• What the task asks: Down to the last line, reproduce the data below exactly.

• Data below:
++++
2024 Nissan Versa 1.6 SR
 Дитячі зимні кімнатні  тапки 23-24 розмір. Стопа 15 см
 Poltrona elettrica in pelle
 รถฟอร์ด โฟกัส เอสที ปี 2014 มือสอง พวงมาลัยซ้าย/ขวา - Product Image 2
++++
• Your solution:
2024 Nissan Versa 1.6 SR
 Дитячі зимні кімнатні  тапки 23-24 розмір. Стопа 15 см
 Poltrona elettrica in pelle
 รถฟอร์ด โฟกัส เอสที ปี 2014 มือสอง พวงมาลัยซ้าย/ขวา - Product Image 2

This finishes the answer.